Une cartographie mondiale des droits LGBTIQ+
Fruit d’un travail acharné, ILGA World met à disposition du public une base de données des droits des personnes LGBTIQ+ à travers la planète. L’objectif: s’informer pour mieux se défendre.
Où en est-on dans le monde sur la question du mariage pour tous·tes·x, des thérapies de conversion, de l’accès au soin pour les personnes trans*, des mutilations sur les enfants intersexes et bien d’autres enjeux encore? Jusqu’ici, la réponse impliquait de se plonger dans des centaines de documents comportant des milliers de pages, rendant la peinture mondiale de la situation des personnes LGBTIQ+ difficile à se figurer. Depuis le 22 mars dernier, la situation a changé: ILGA World, l’Association internationale des personnes lesbiennes, gays, bi, trans et intersexes, fédérant plus de 1800 organisations à travers le monde, a annoncé la mise en ligne d’une riche base de données permettant de conjurer le manque d’accessibilité des informations jusqu’alors.

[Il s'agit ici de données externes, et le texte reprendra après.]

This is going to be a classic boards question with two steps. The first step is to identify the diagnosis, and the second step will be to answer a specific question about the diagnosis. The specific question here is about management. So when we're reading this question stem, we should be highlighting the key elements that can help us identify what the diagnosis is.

La plateforme, gratuite et collaborative, détricote l’état des droits dans pas moins de 193 États membres des Nations Unies et 47 territoires non indépendants. Lucas Ramón Mendos, coordinateur de la recherche à ILGA World, s’enthousiasme: «Ces informations sont maintenant accessibles à quiconque s’intéresse à la situation des personnes LGBTIQ+ dans le monde, y compris les représentants de l’État, les chercheur·se·x·s, les journalistes et les étudiant·e·x·s.» Divisé en 18 sections juridiques brassant une centaine de sujets différents, ce travail se présente sous forme de cartes interactives mondiales et régionales, qui «systématisent 4300 sources juridiques et plus de 7000 références provenant des mécanismes des Nations Unies» sur les droits humains, selon Lucas Mendos.

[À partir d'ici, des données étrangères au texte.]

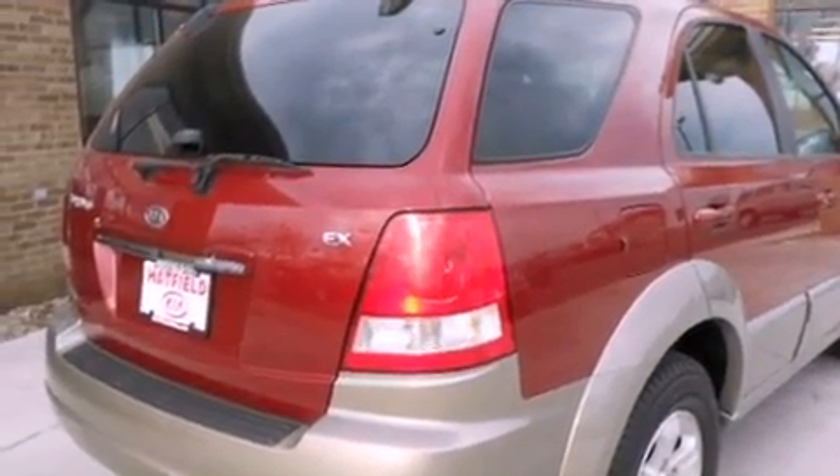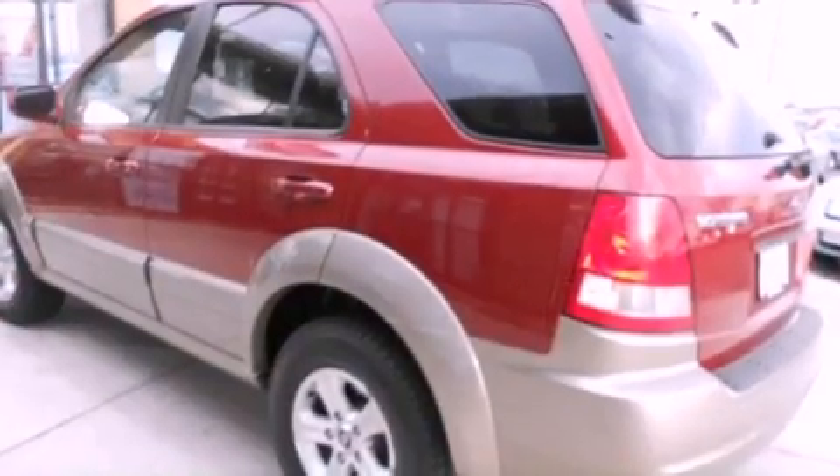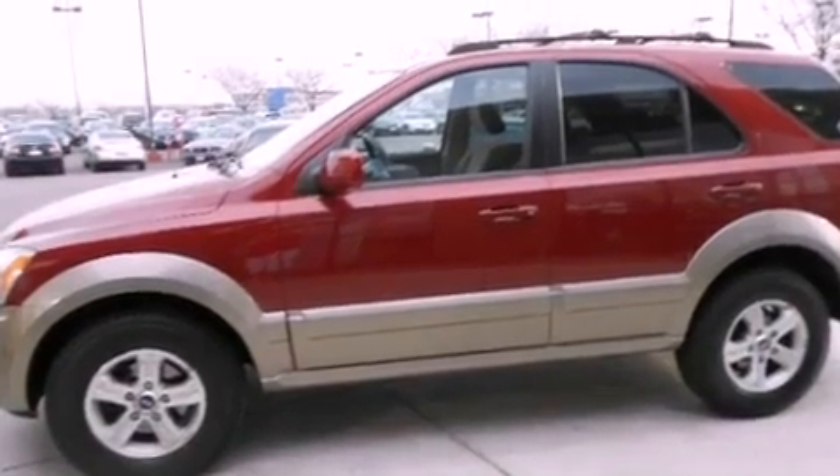Features include air conditioning, a split folding rear seat, cruise control, a CD player, a passenger side vanity mirror, roof rails, dual airbags, heated side view mirrors, a rear window defroster, and this vehicle has fewer than 69,000 miles on the odometer.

Cette base de données est le fruit d’un travail acharné qui s’est déroulé sur plusieurs mois et a mobilisé une équipe entière de membres permanents de l’ILGA et de consultant·e·x·s indépendant·e·x·s. Lucas Mendos revient sur la compilation de ces informations: «Celles-ci sont accessibles au public, mais ce sont des données brutes, qui impliquent de parcourir de très longs documents où toutes les données ne sont pas pertinentes pour notre cause. Nous ne donnons pas les données telles quelles, nous y apportons une valeur ajoutée en identifiant les informations qui ont du sens, en traçant chaque contenu et en les étiquetant par catégories.» Le coordinateur ajoute: «Au départ, nous avons parcouru la période 2016-2021. A présent, nous remontons progressivement jusqu’à la fin des années 80». Un exercice colossal, et le premier au monde de cette magnitude.
Une polarisation du monde
Selon Lucas Mendos, cette cartographie mondiale permet de mieux situer l’état des progrès ou des retours en arrière sur la question des droits des personnes LGBTIQ+. Avance-t-on, ou recule-t-on? «La tendance que nous avons identifiée est une polarisation du monde. Il y a des pays où les choses s’améliorent, et d’autres qui prennent la direction opposée», explique-t-il. Le coordinateur détaille: «Même si on constate une baisse de la criminalisation de l’homosexualité, de plus en plus de pays limitent l’accès de la circulation des informations sur la question de l’identité de genre et de l’orientation sexuelle. L’éducation est devenue un champ de bataille, non seulement dans les pays qui présentent historiquement des défis sur ce sujet, mais aussi dans des pays comme les États-Unis, où déferle un flot de lois sur les informations pouvant être partagées dans les écoles.»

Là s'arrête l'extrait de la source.